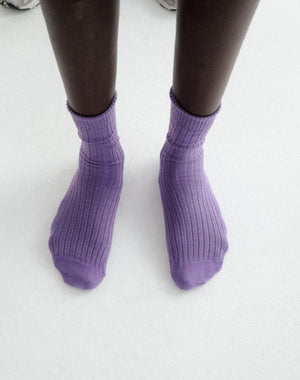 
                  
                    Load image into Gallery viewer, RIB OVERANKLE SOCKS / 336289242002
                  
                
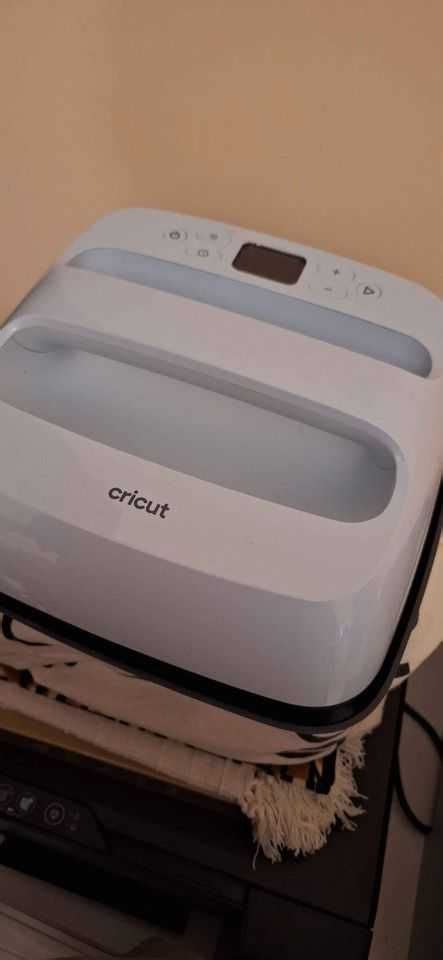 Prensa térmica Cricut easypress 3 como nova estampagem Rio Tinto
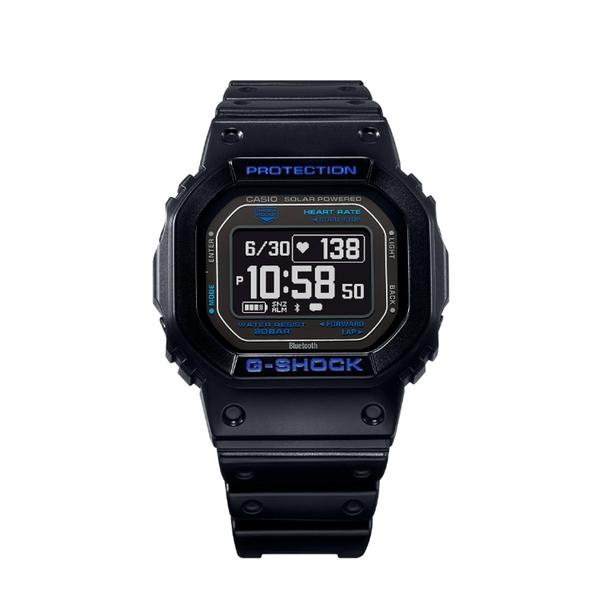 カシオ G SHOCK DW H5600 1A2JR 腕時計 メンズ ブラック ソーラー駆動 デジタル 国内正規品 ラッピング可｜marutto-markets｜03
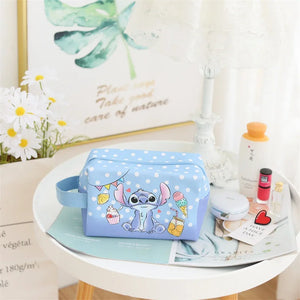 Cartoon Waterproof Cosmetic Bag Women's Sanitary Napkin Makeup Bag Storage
* * *
> Task details: A faithful, picture-free copy of the material is what this task asks for.

> Result:
                    Load image into Gallery viewer, RIB OVERANKLE SOCKS / 336289242002
                  
                
 Prensa térmica Cricut easypress 3 como nova estampagem Rio Tinto
 カシオ G SHOCK DW H5600 1A2JR 腕時計 メンズ ブラック ソーラー駆動 デジタル 国内正規品 ラッピング可｜marutto-markets｜03
 Cartoon Waterproof Cosmetic Bag Women's Sanitary Napkin Makeup Bag Storage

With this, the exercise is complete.